All of which preamble introduces the latest addition to the Bioscope Library, J. Berg Esenwein and Arthur Leeds’ Writing the Photoplay, first published 1913 and then in a revised version in 1919. It is the latter that is available from Project Gutenberg.

It is a standard ‘how to’ guide, published by the Home Corresspondence School of Springfield, Mass. (odd how Springfields keep turning up these days), so presumably it ended up being read by those more optimistic than talented. Nevertheless, it says all the right things (“Action is the most important word in the vocabulary of the photoplaywright”), and it goes into great detail about the process of producing a screenplay, covering its component parts, how a script should look, the mechanical production of a film script, devising a scenario, delineating characters, the use and misuse of titles, and how to market a screenplay. There is an example of a completed screenplay, Everybody’s Girl (adapted from an O. Henry story and released by Vitagraph in 1918). There is also some amusing advice on what not to try and include in your screenplay (expensive scenes like the sinking of ships, ‘trick animals’, special costumes), and advice on what not to include in your screenplay owing to the attentions of the censor (“Write as your conscience and a sense of decency as an individual and as a good citizen dictate”).

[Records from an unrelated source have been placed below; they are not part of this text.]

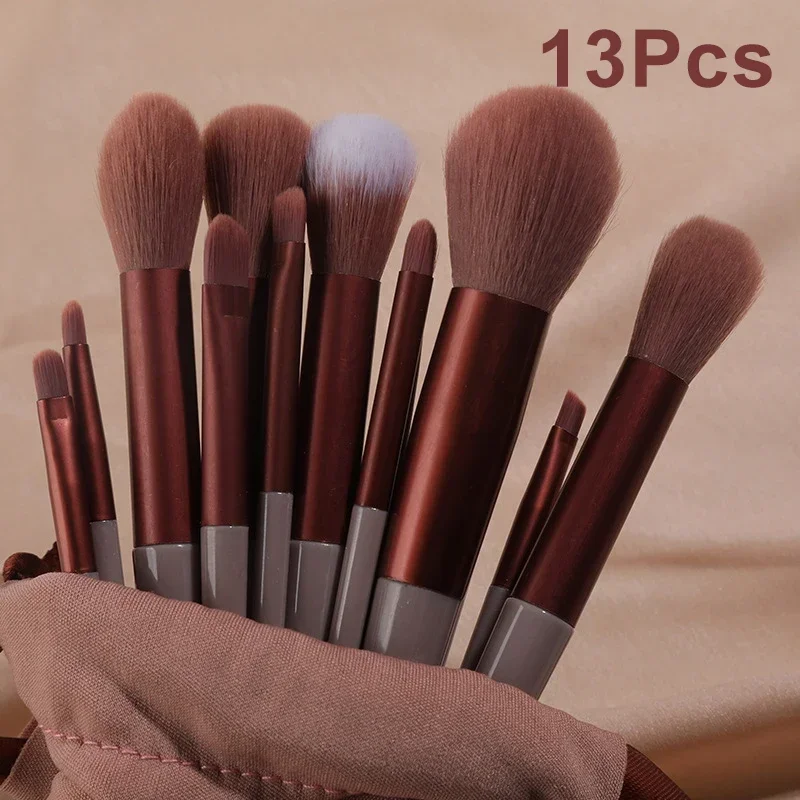 

13 PCS Makeup Brushes Set Eye Shadow Foundation Women Cosmetic Brush Eyeshadow Beauty Soft Make Up Tools Bag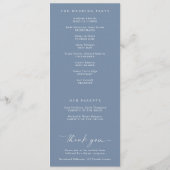 Modern Handwriting Dusty Blue Wedding Programs Programmakaart (Achterkant)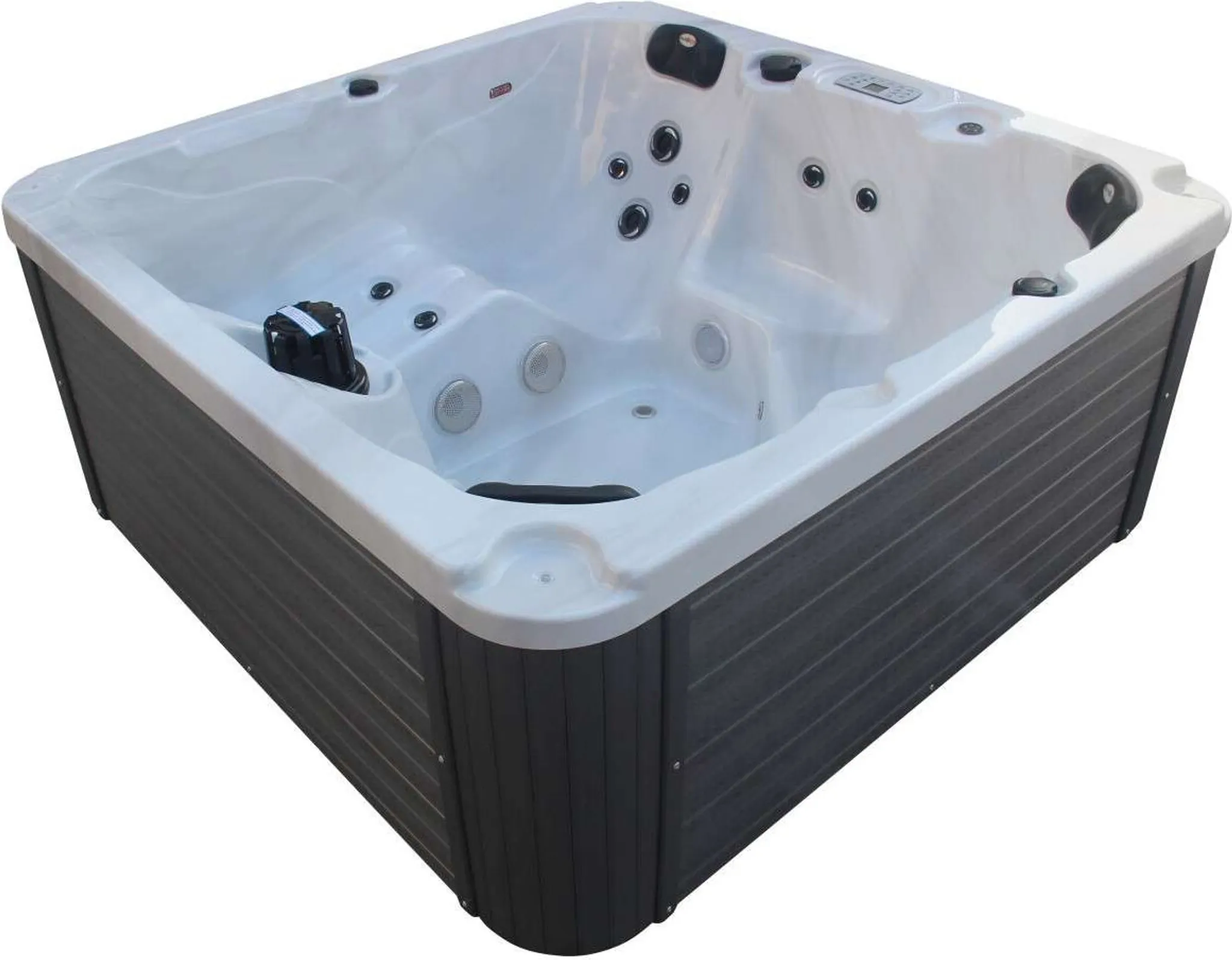 Outdoor Whirlpool Palma Weiß inkl. Abdeckung und Stiege - 190 x 190 x 86cm – Bild 4
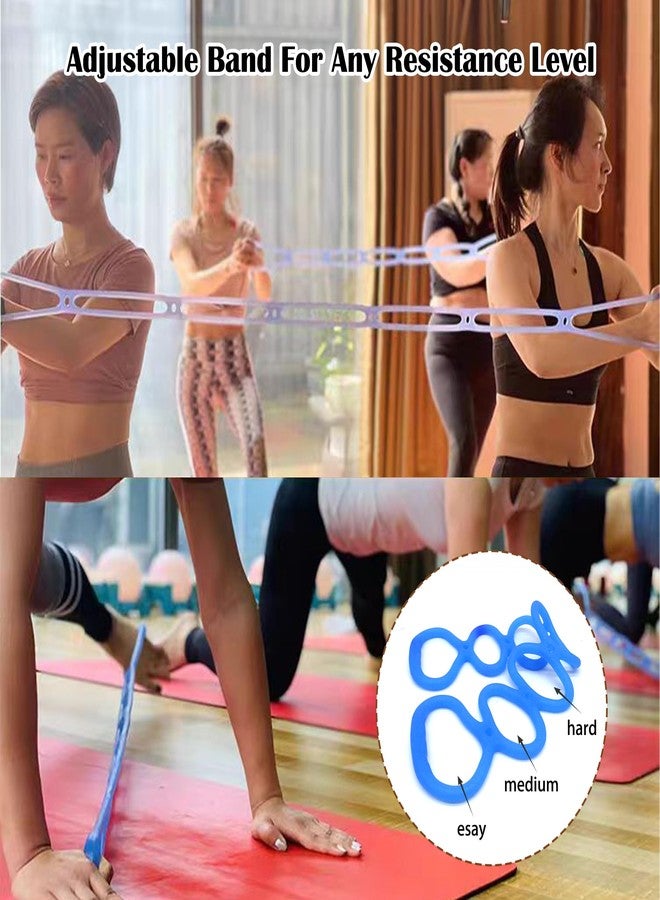 VKSG 7 Ring Adjustable Loop Resistance Bands for Working Out Walk at Home，Workout Bands Exercise Stretch Band for Women&Men Fitness, Yoga, Pilates-Non-Slip, Durable Rubber, Home/Gym Use(Blue) - Image 3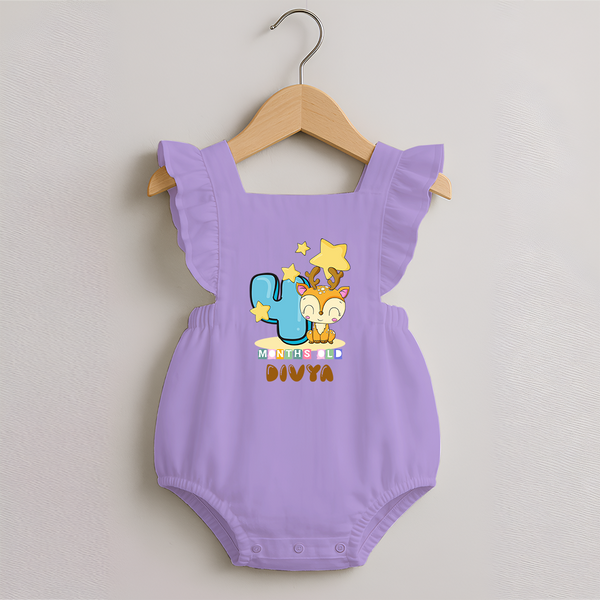 Custom Baby Romper Frock for 4 Month Milestone | Soft Cotton Romper Frock | Personalized Name Print - LILAC - 0 - 3 Months Old (Chest 19")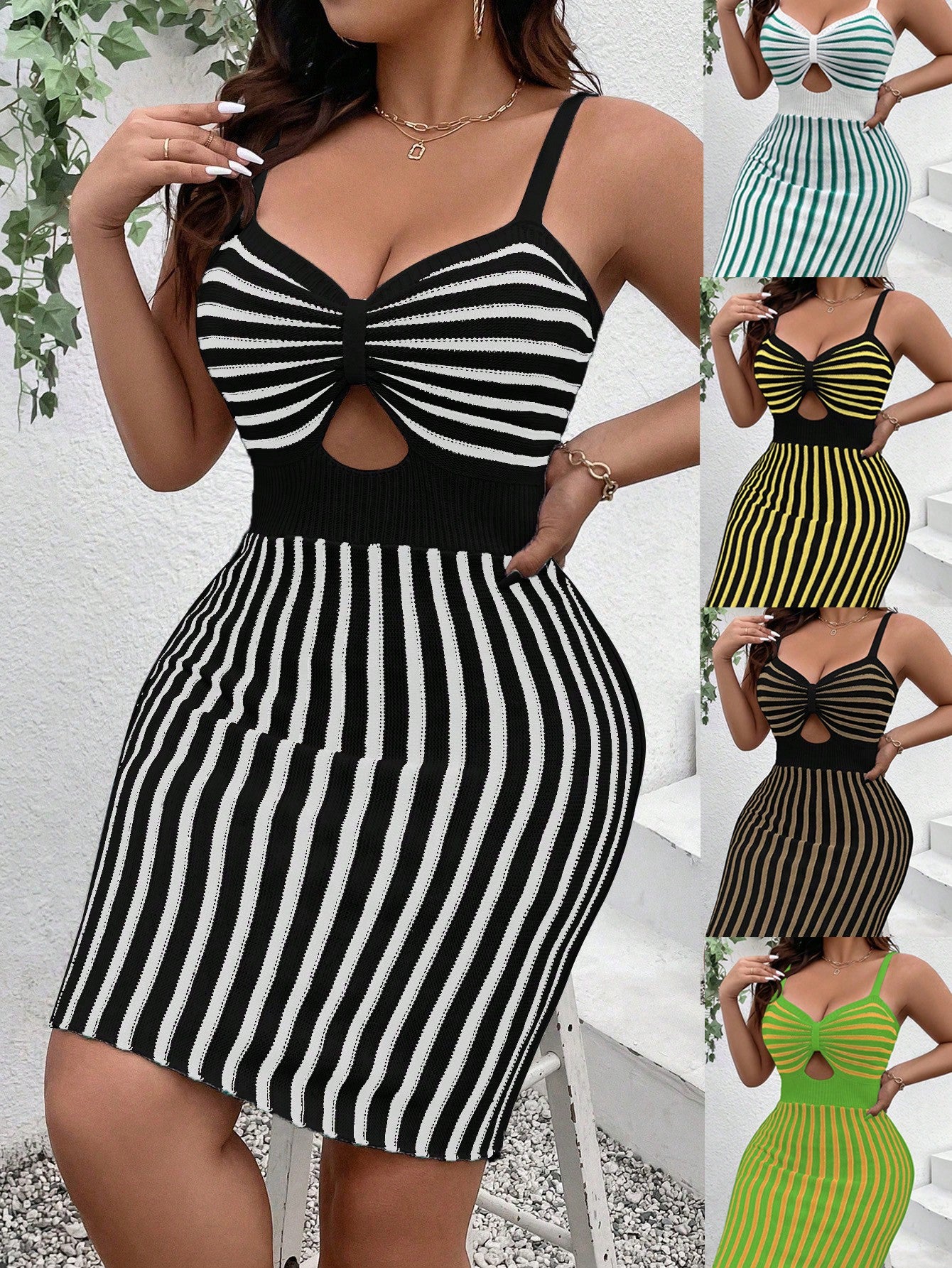 Plus Size Women's Striped Cut-Out Waist Sleeveless Sweater Dress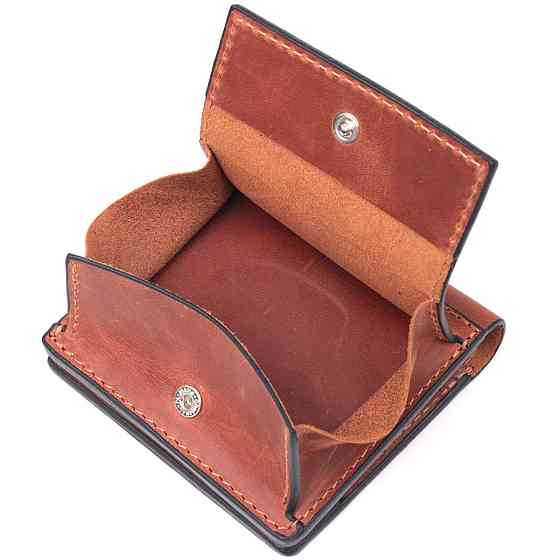 Чоловічий гаманець із вінтажної шкіри із монетницею Слава ЗСУ GRANDE PELLE 16756 Світло-коричневий Київ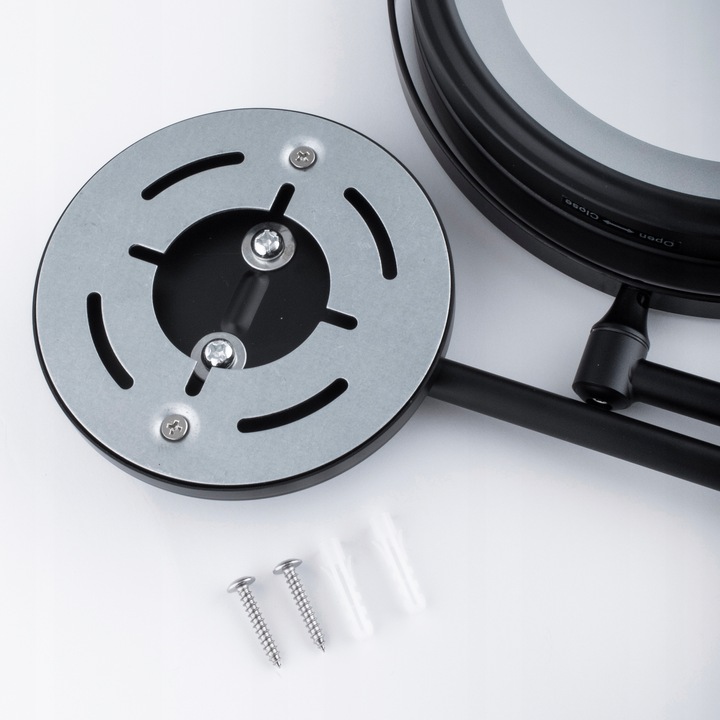 Lusterko kosmetyczne ścienne powiększające do makijażu czarne podświetlane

It’s all sensible stuff, with interesting insights throughout and plenty of incidental comments on the routine of film production that is useful to the researcher now. There are some good photographs on studio production, and Gutenberg have most helpfully provided hyperlinks not only for chapters and illustrations, but for the index at the back. E-books just get better and better. It’s available from Project Gutenberg in HTML (747KB) and plain TXT (624KB).